WORK ORDER:
Leave the pictures out, and repeat exactly every line from the one with "Multi Coloured Sting" through the end of the data below.

Short text fragments from websites:

"""

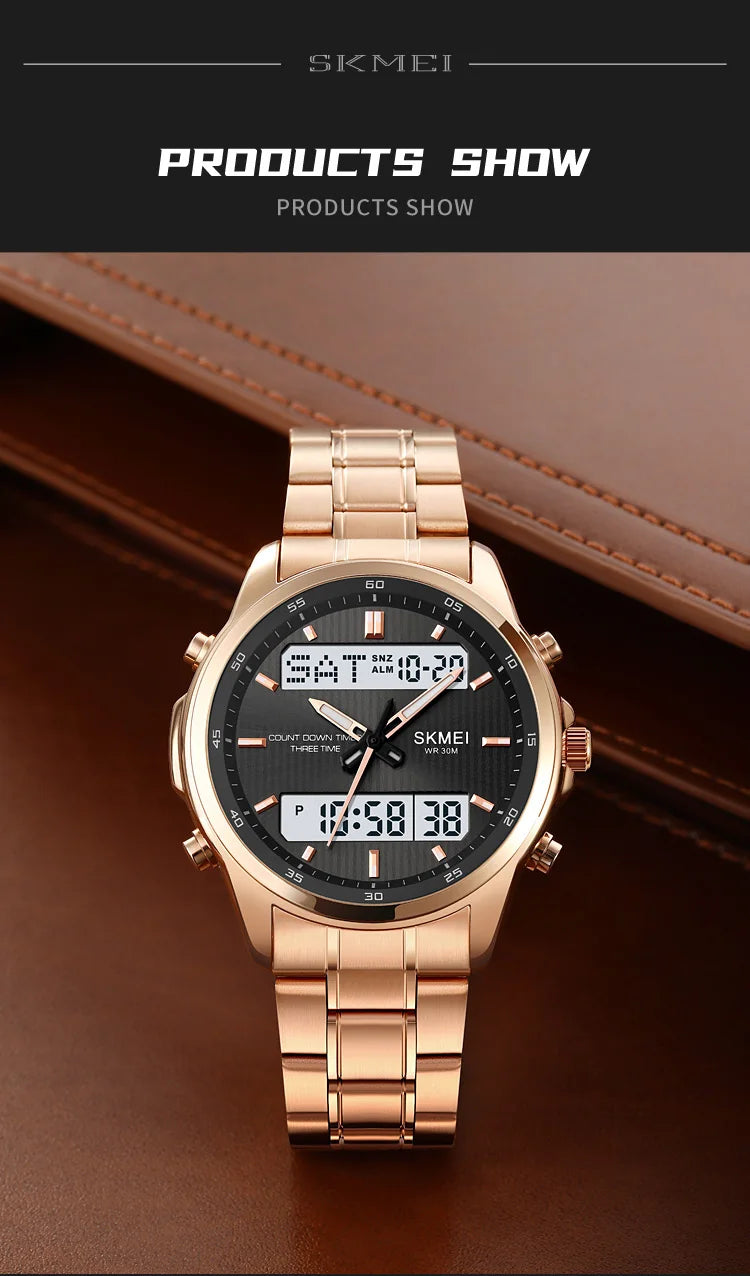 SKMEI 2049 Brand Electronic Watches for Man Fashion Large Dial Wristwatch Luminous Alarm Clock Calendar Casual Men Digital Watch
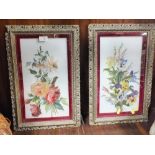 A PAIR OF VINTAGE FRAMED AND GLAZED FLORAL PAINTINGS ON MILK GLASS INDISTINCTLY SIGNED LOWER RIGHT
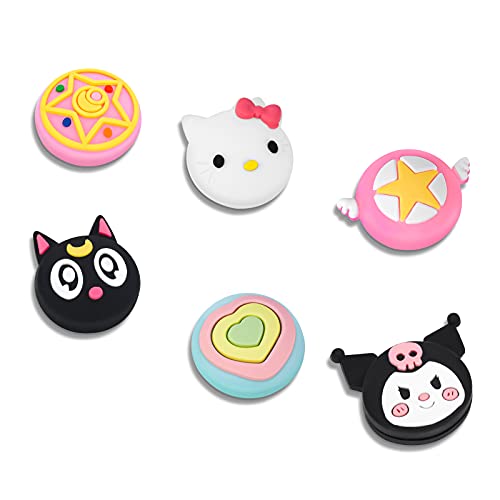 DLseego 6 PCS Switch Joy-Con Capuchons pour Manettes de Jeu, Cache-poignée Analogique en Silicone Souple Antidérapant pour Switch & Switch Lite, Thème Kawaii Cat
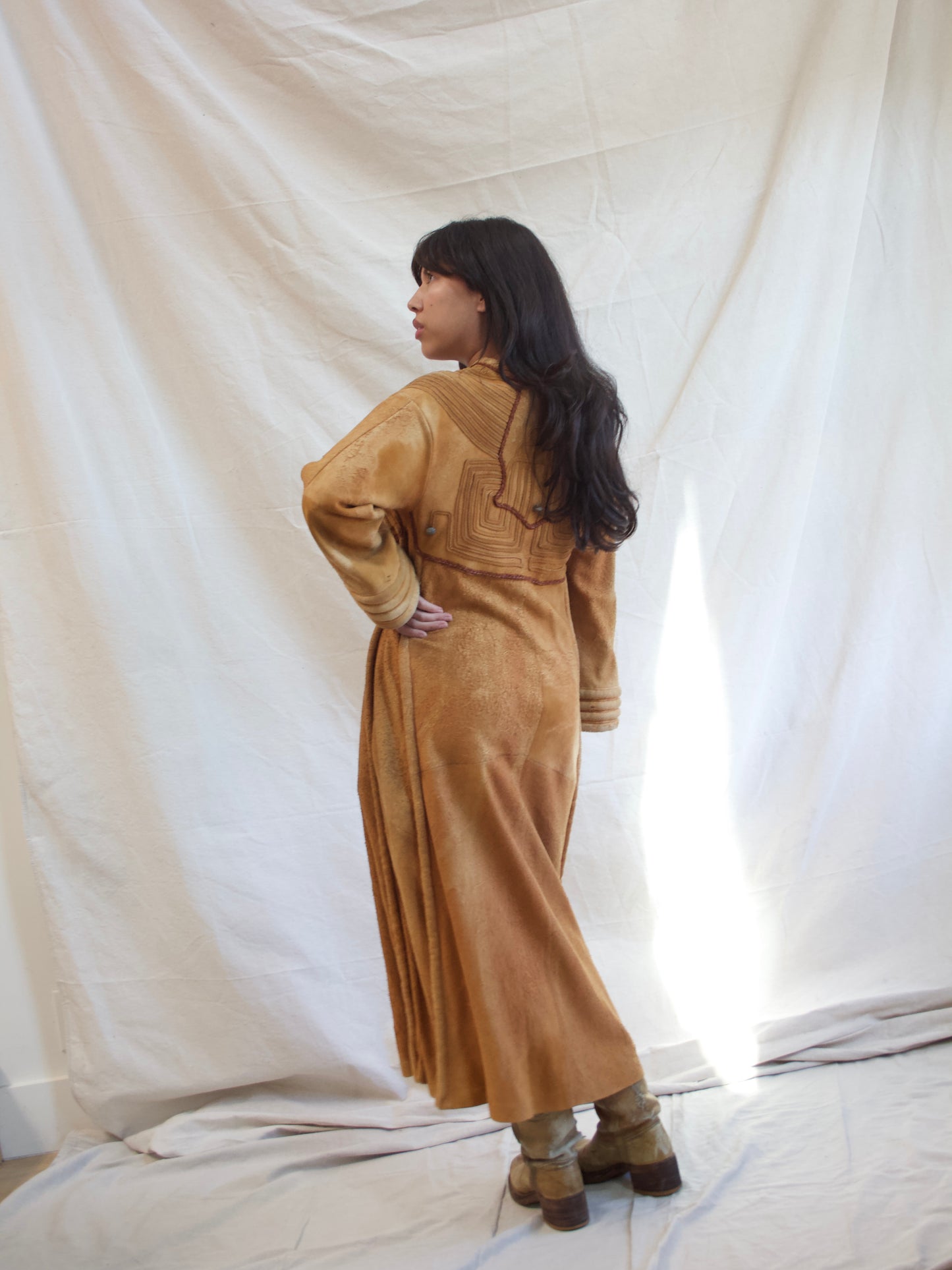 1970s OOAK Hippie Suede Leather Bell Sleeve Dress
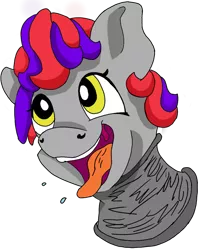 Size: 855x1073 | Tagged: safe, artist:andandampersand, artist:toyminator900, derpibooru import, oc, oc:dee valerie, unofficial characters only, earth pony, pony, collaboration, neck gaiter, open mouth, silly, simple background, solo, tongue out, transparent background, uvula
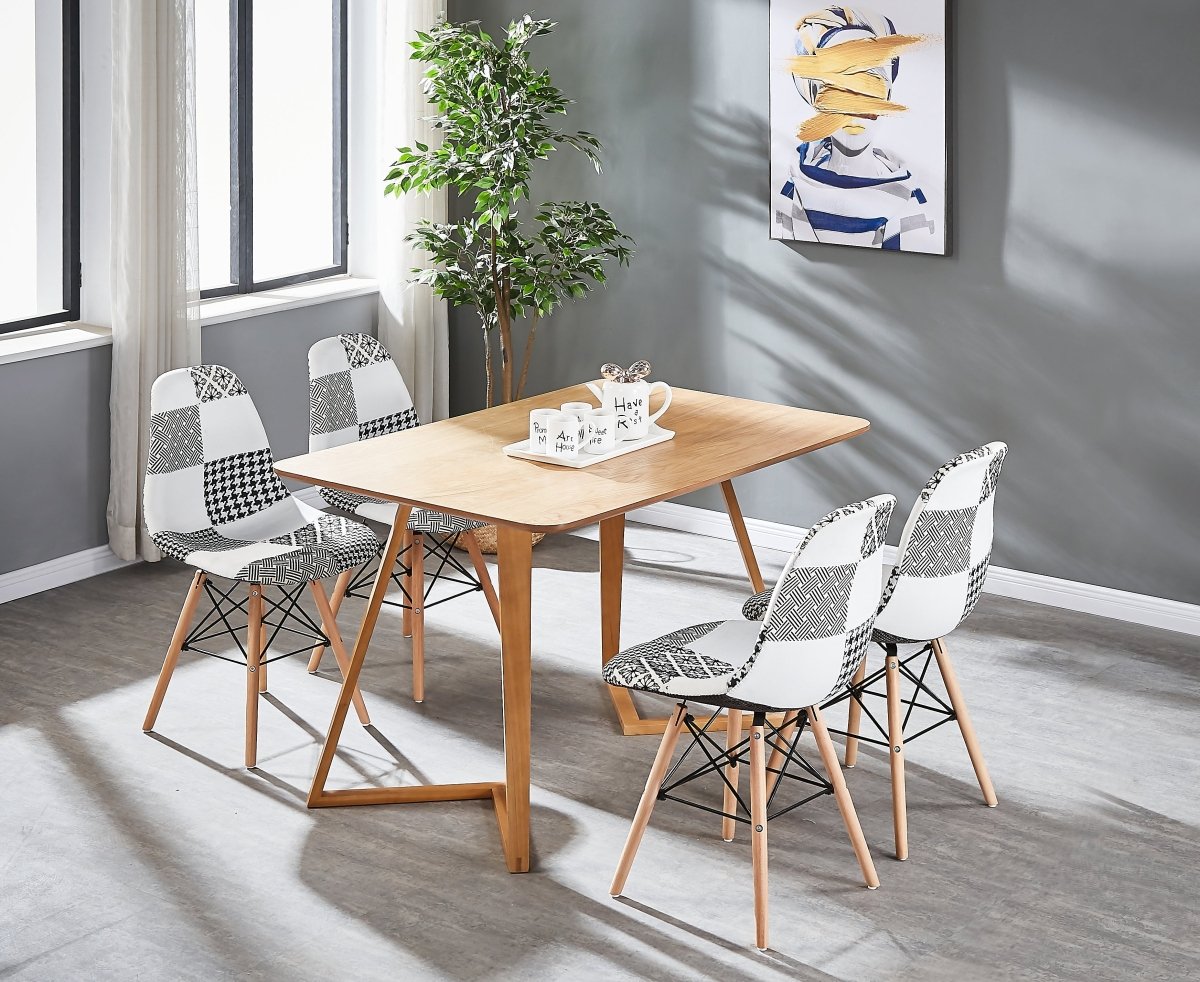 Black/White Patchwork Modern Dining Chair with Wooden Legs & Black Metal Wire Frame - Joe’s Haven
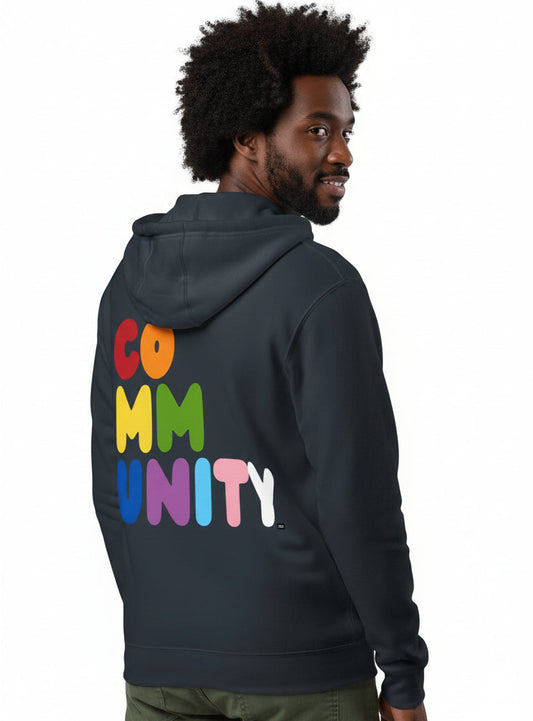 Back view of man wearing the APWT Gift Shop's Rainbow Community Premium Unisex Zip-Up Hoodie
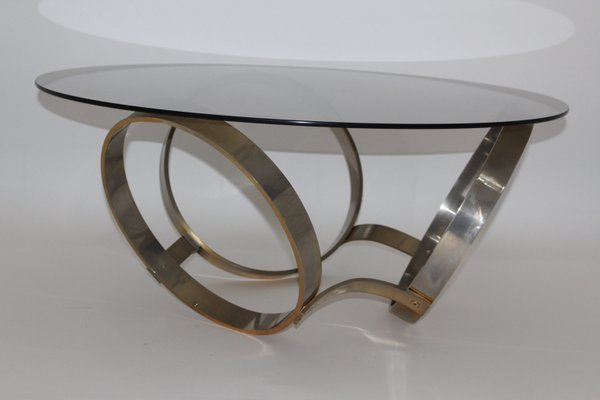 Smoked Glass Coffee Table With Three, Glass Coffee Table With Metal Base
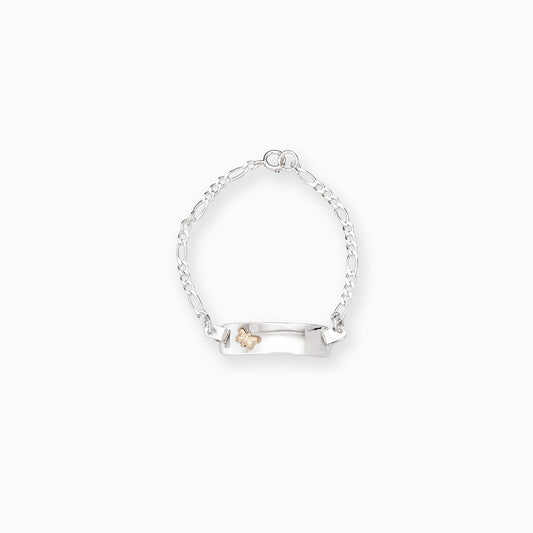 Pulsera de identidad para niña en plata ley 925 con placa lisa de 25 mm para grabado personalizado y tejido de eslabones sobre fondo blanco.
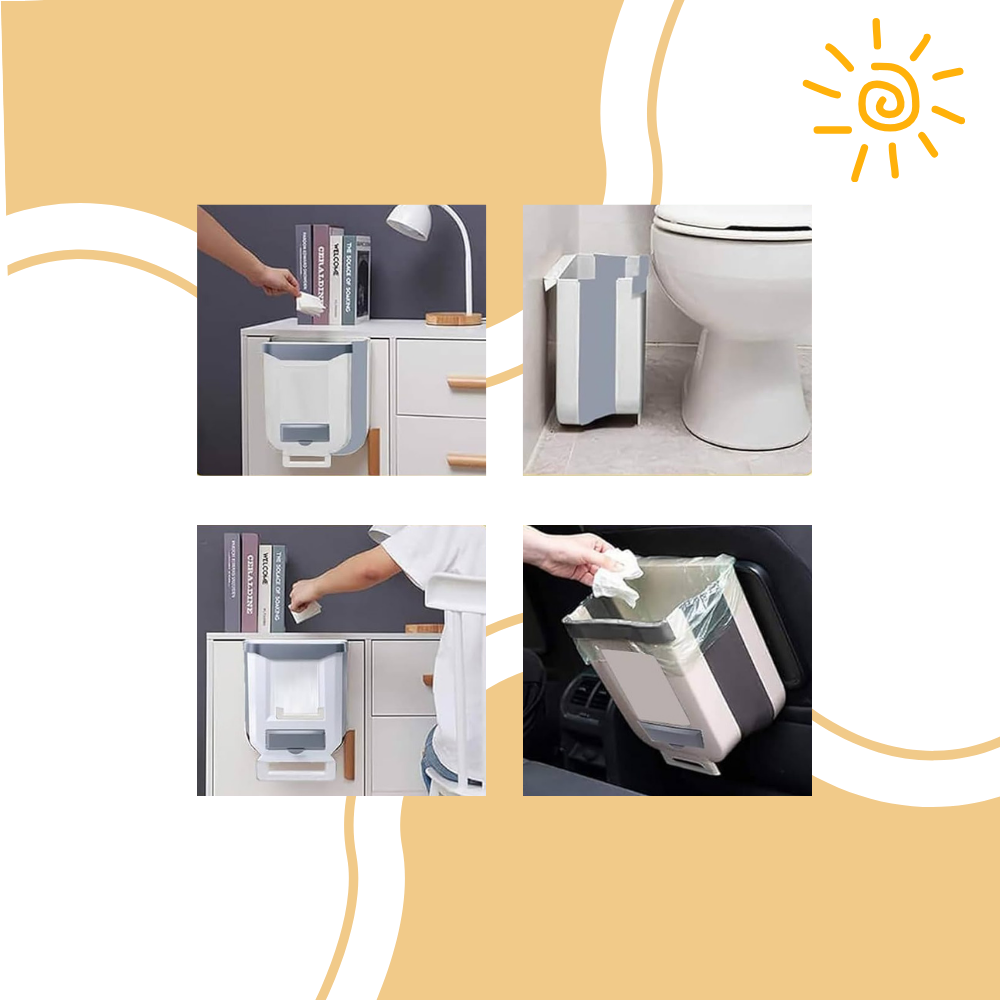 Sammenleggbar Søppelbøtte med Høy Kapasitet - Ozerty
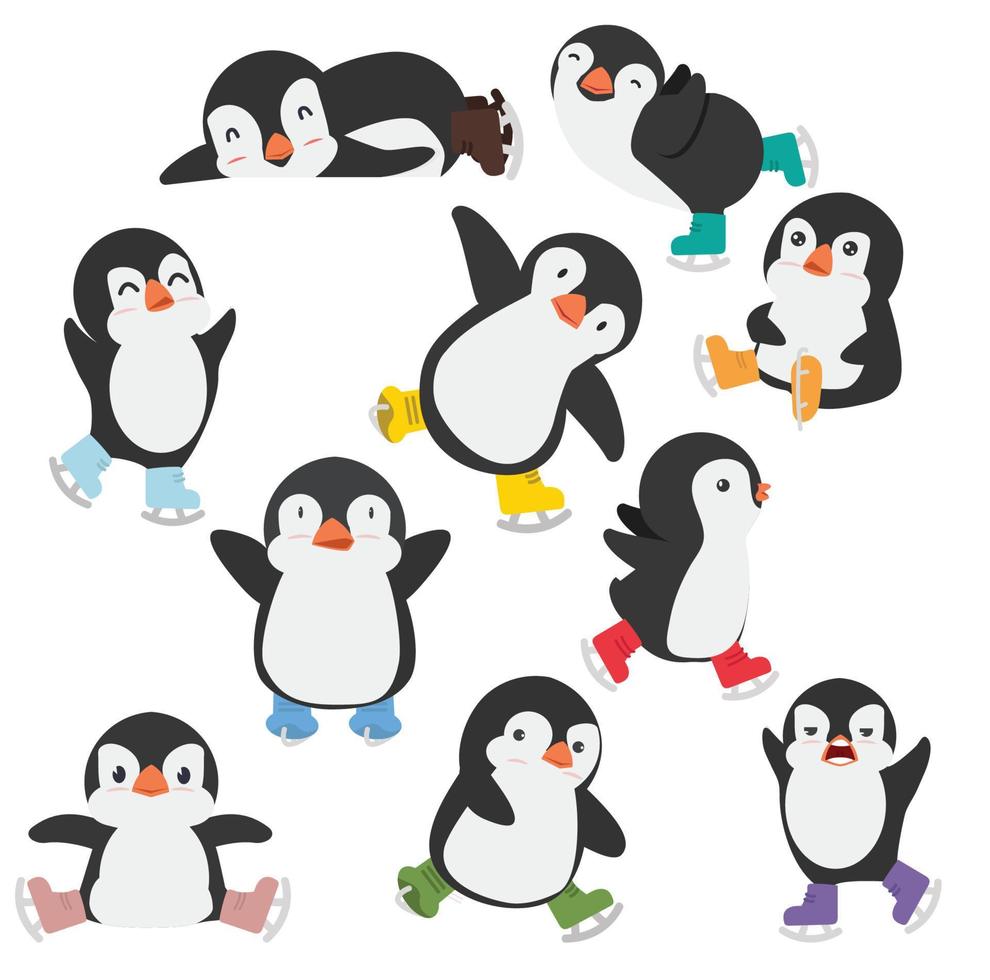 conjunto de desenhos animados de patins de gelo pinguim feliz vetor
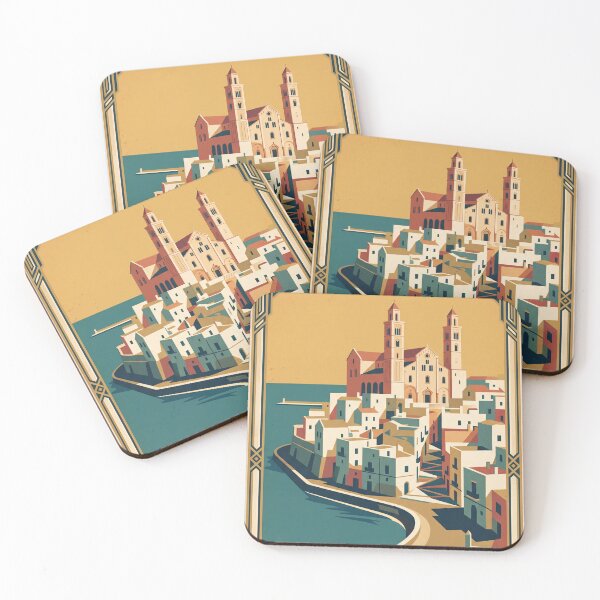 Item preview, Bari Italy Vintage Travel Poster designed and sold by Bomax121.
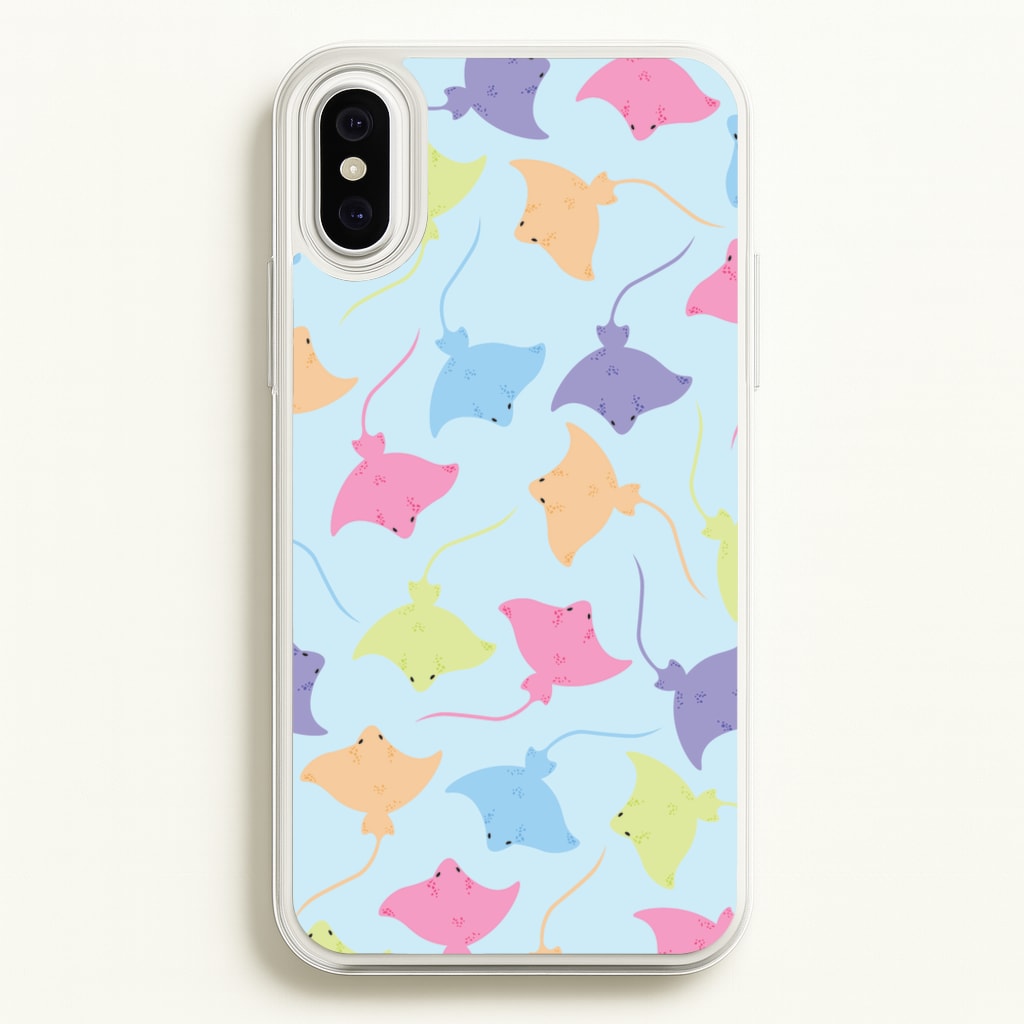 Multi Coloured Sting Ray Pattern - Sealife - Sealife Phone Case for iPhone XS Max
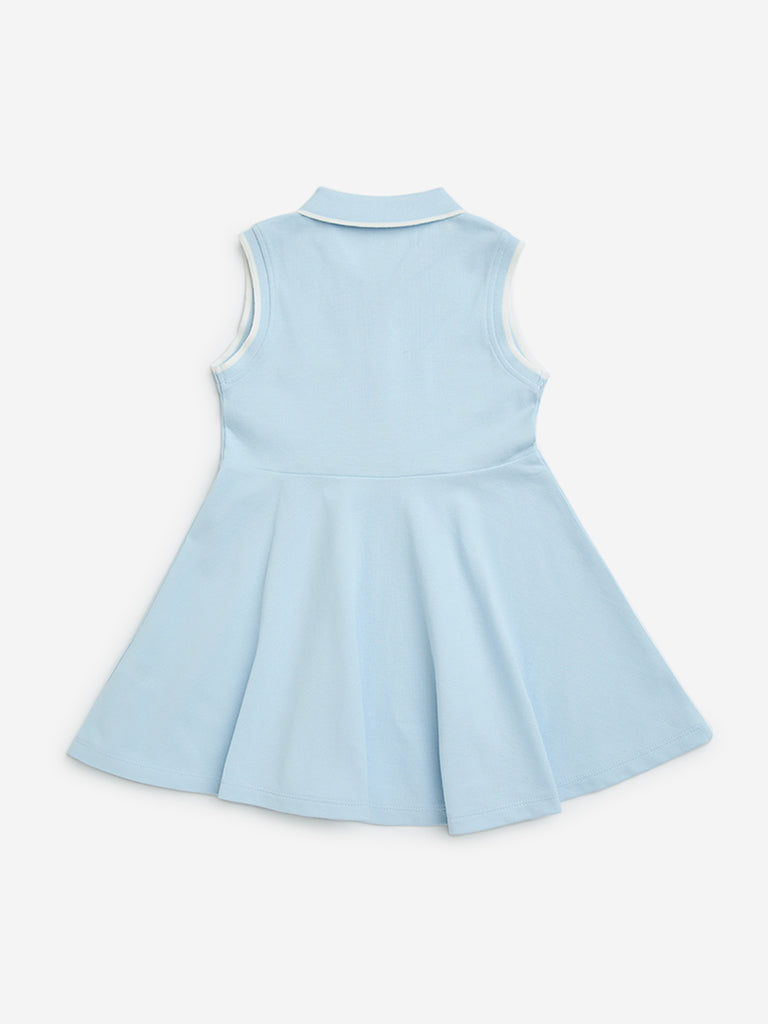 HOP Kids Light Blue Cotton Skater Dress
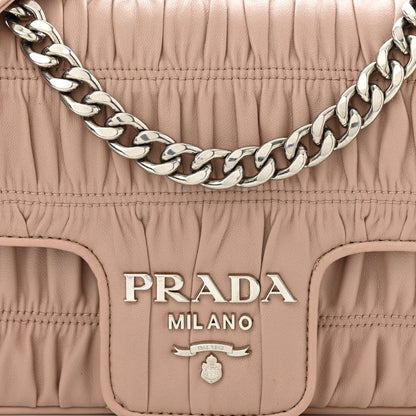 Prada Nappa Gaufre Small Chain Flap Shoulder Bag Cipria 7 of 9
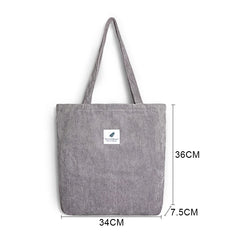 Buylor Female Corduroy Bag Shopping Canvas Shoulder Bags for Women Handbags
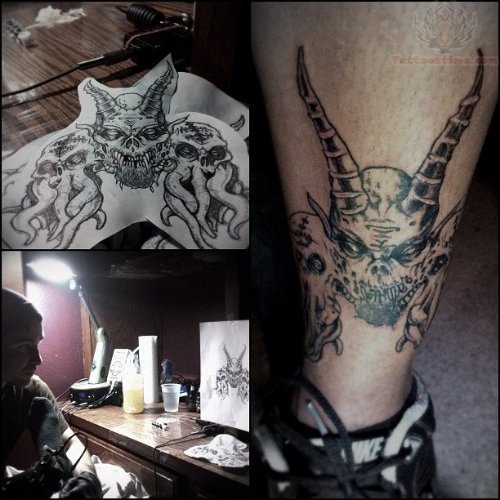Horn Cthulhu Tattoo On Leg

"""

ANSWER TO THIS TASK:
 Multi Coloured Sting Ray Pattern - Sealife - Sealife Phone Case for iPhone XS Max
 HOP Kids Light Blue Cotton Skater Dress
 Prada Nappa Gaufre Small Chain Flap Shoulder Bag Cipria 7 of 9
 Buylor Female Corduroy Bag Shopping Canvas Shoulder Bags for Women Handbags
Horn Cthulhu Tattoo On Leg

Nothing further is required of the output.